In the data beneath this task, how many lines contain "photo"? Answer with the number only.

==== Dataset extract ====

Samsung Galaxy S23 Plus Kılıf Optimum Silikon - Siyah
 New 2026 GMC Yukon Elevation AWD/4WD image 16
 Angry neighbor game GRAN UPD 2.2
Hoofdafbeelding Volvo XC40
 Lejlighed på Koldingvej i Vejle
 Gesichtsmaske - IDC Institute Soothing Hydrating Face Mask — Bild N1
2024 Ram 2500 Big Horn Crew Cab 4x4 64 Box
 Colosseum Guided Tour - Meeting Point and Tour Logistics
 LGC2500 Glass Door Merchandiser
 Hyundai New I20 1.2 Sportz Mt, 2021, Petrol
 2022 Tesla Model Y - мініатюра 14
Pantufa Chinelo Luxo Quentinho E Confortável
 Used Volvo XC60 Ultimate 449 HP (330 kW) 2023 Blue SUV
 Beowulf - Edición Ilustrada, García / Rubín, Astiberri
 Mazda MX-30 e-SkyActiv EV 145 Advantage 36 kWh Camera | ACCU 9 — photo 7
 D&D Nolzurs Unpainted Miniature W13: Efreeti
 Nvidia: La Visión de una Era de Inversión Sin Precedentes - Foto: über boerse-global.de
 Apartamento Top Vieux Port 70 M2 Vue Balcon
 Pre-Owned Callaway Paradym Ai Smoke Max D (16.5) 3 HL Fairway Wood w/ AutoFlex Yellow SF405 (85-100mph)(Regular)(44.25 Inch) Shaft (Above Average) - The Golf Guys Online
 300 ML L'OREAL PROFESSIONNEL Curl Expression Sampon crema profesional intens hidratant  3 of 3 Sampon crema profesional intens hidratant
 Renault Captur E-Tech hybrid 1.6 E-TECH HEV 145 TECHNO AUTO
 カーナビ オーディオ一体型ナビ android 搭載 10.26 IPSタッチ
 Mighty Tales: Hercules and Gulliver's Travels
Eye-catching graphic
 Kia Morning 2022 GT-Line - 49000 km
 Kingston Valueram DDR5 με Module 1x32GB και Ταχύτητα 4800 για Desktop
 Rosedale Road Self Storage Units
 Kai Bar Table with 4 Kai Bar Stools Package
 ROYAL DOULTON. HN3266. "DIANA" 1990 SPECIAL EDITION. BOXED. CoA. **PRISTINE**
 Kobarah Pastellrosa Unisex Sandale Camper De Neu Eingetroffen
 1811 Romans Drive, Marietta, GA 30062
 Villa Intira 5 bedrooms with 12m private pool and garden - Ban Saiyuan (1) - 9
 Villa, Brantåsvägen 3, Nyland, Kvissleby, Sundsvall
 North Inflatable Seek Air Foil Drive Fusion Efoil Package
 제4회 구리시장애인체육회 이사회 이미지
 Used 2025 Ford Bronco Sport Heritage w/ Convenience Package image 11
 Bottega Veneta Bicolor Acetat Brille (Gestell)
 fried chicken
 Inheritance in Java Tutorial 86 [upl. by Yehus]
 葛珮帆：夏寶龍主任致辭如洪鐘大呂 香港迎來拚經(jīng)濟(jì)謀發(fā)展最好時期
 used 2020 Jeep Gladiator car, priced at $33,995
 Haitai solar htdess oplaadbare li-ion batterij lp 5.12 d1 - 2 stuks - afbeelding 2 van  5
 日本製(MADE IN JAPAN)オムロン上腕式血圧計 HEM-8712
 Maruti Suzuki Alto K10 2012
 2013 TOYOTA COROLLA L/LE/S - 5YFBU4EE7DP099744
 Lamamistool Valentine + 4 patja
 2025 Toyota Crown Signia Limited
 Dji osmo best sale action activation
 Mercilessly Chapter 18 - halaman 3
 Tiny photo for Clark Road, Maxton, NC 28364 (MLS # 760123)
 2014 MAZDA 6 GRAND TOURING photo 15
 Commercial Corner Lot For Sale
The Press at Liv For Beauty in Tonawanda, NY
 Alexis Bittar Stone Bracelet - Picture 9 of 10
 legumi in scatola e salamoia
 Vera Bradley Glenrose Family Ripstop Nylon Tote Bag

====

Task response: 3